But your friends love it when you sing at karaoke, no matter what you sound like. And your mom doesn’t doxx you when you disagree with her about politics. She might even change your mind, or you might change hers.
The impact you can have on the people close to you can be just as great, or greater, than the impact you can have on the “world” through your internet voice. Possibly not in quantity, but certainly in quality.
Does that kind of make sense?
Coming back
Hey, I’m not saying you’re going to crack. But you might return to Facebook after a week or month or year away. It might be in a moment of weakness, or it might be something you do deliberately after careful consideration of the pros and cons.
People ask me if I’d consider leaving the internet again. I always say “no way.” Not that I regret my year off the internet. I just feel like I learned the lessons I needed to learn, and the immense positives of the internet — even the weird and scary places like Facebook — outweigh the cons.
One thing I always tell people, and it’s something I wish I did a better job of putting into practice, is to “keep it small.”
It’s a reference to Fahrenheit 451, which is a book I read when I was off the internet, but it’s is also now a hip cultural reference because there’s a Michael B. Jordan movie coming out.
In the sci-fi world of Fahrenheit 451, everyone has these immersive TV rooms. Every wall of the room is a screen. And then they watch TV all the time. It sounds pretty fun, to be honest.
But, also, they burn books. So something isn’t quite right with this society.
When the protagonist meets an outlaw book collector, he’s surprised to discover the collector has a TV. It’s hidden behind a picture frame.
“I like to keep it small,” the collector explains.
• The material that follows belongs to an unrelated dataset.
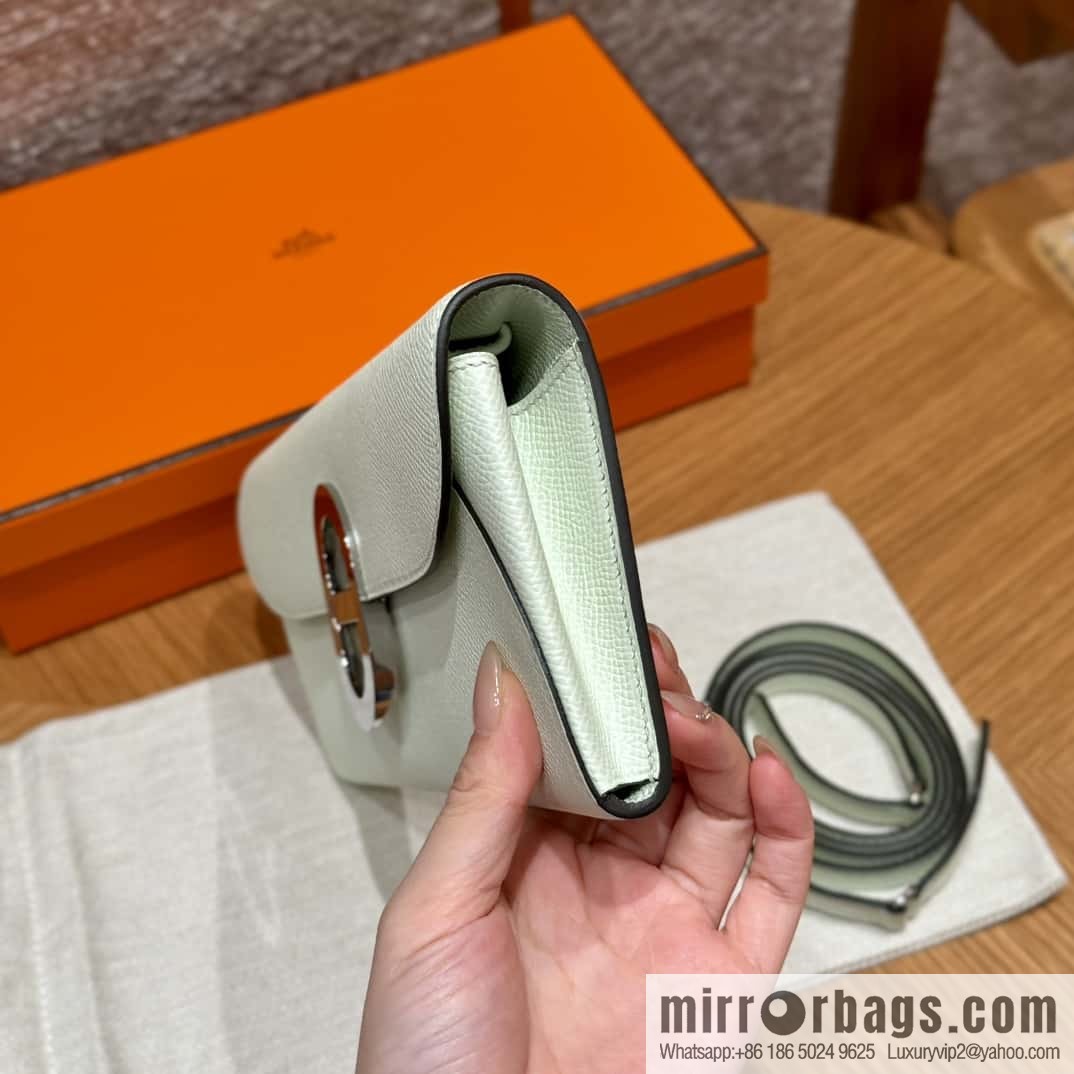 Chaine d'Ancre To Go Wallet, Pig Nose Togo Bubble Green Silver Buckle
Just because you use Facebook doesn’t mean it has to dominate your life. There are ways to “keep it small.” You can reduce Facebook’s ability to gather data on you. You can take the app off your phone. You can block yourself from using it during certain hours of the day. Despite the enormous efforts by internet giants to influence your life and control your behaviors, they haven’t won yet. You still have some power in this relationship.
In summary: book burning is wrong, Michal B. Jordan is possibly my favorite actor on the planet, and if anyone would like to watch his new movie with me it premieres in May on HBO and so let’s start planning this viewing party now. I will bring the chips and perhaps some beverages. Please respond to this invite even if you can’t make it. Thanks! See you there.
Let’s block ads! (Why?)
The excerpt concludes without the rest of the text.